My own bank failed to do this, and I offer this narrative as a small example of the disconnect among these concepts.   My visa application to Belgium required a bank letter stating that my accounts were in good standing.  I was not required to provide amounts, but in the end the bank gave me no choice but to disclose this information to 3rd parties.  I received a letter from corporate (after I tried to obtain the letter at the local branch I was told that they did not have that information – so you can decide to give me a loan, but this is too much?) with all the amounts of my accounts incuded.

The legal disclaimer was priceless:

 “Our response is commensurate with the purpose and amount of your inquiry. The information provided is strictly confidential and intended for use solely by the requesting party and in reliance on your statement of intended purpose or use.”

No, the letter was not generated to the “purpose and amount” of my inquiry, and it certainly exceed my intended purpose and use.  I specifically asked for no amounts to be listed in the letter.  The customer service representative said that it was a form letter, they could not alter it, and it “was generated by our lawyers.”

  “The information is furnished as a matter of courtesy without a duty to do so and without responsibility, liability or warranty, express or implied, on the part of ________________ to you to any third party. Information is obtained from electronic data sources, which may not contain all information in _____________ possession’ information is not guaranteed to be accurate and may be a matter of opinion. We do not accept any responsibility for errors, omissions or alterations after delivery. The information is constantly changing and therefore subject to change without notice.  _______________ will not update this response unless another written inquiry is received. This information applies to the name of the subject of the inquiry as styled in your request and does not include any indirect or related accounts or obligations, unless expressly specified in our response. _______________ encourages you to contact more than one credit reference prior to making any credit decision.

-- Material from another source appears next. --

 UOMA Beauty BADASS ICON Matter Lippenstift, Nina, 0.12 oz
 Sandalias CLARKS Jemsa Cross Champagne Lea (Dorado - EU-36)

If you received this response by FAX and you are not the intended recipient or an agent responsible for delivering it to the intended recipient, you are hereby notified that you have received this document in error, and that any review, dissemination, distribution or copying of the information contained in this message is strictly prohibited. If you have received this communication in error, please notify us immediately by telephone and return the message to us by mail.”

I could comment about a lot of this, but the last part is precious.  So if you send this to someone by mistake, just let us know.  No damage done.

I hope that my bank’s data systems are secure.  I hope they comply with regulations.  But I also know that US law gives me little control of how my data is handled, and corporate procedures imbue precious little concern about my financial privacy into their practices. So my financial data, my financial behavioral data, gets compromised more than I’d like to believe.

Companies, and the law, need to stop thinking of privacy, security, and compliance as mutually inclusive.  They do overlap, but one does not necessarily represent another, and these systems and safeguards need to be developed in tandem.

p.s. I did write to complain and I received a mundane corporate response claiming that they could not do anything about it. They did thank me for bringing it “to their attention” which is corporate speak for telling me to fly off a building.